- [TASK TO CARRY OUT]: Please retype the data below line for line and leave out every picture.

- [RECORDED INFORMATION]:
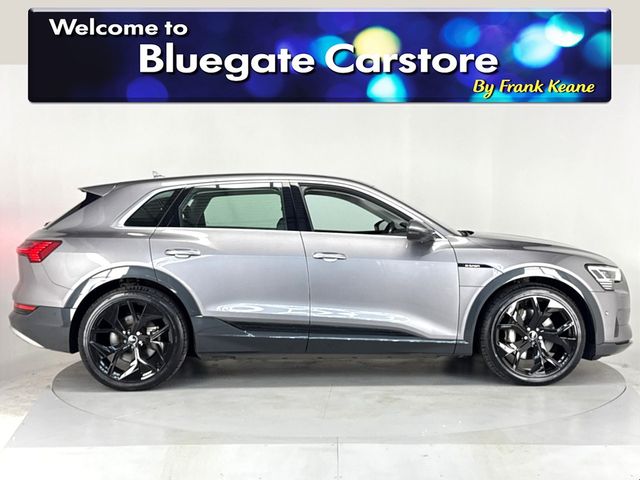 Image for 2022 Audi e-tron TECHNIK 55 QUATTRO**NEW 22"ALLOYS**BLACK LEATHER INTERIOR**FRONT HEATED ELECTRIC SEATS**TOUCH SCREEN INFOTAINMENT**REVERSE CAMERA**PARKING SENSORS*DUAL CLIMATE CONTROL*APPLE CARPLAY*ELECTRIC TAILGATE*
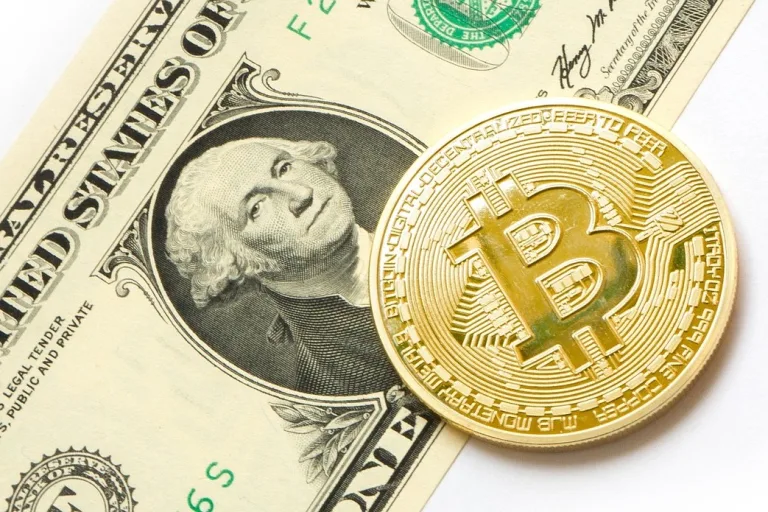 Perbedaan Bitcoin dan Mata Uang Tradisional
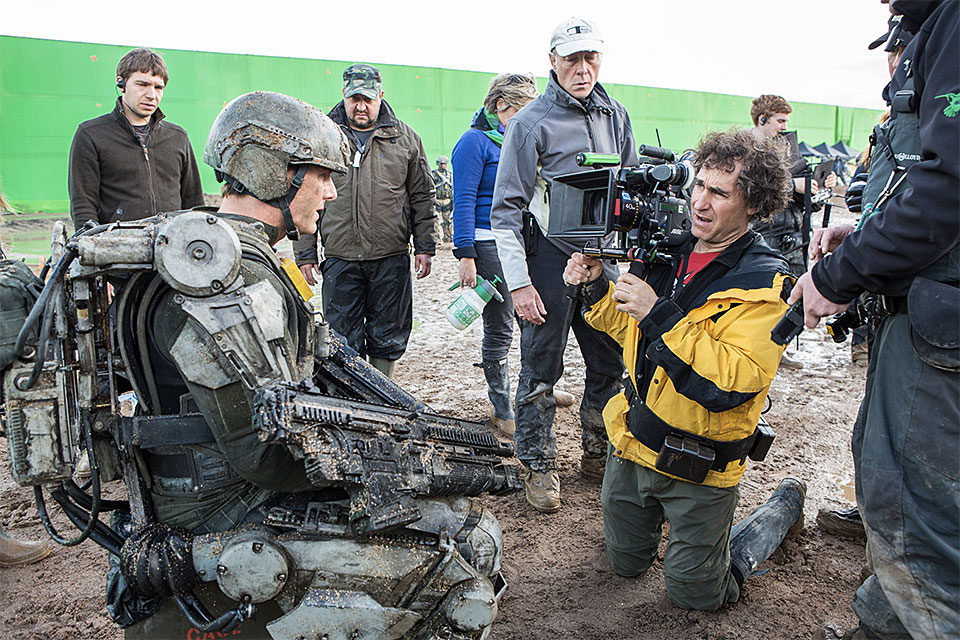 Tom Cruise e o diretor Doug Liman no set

- [RESPONSE AREA]:
 Image for 2022 Audi e-tron TECHNIK 55 QUATTRO**NEW 22"ALLOYS**BLACK LEATHER INTERIOR**FRONT HEATED ELECTRIC SEATS**TOUCH SCREEN INFOTAINMENT**REVERSE CAMERA**PARKING SENSORS*DUAL CLIMATE CONTROL*APPLE CARPLAY*ELECTRIC TAILGATE*
 Perbedaan Bitcoin dan Mata Uang Tradisional
 Tom Cruise e o diretor Doug Liman no set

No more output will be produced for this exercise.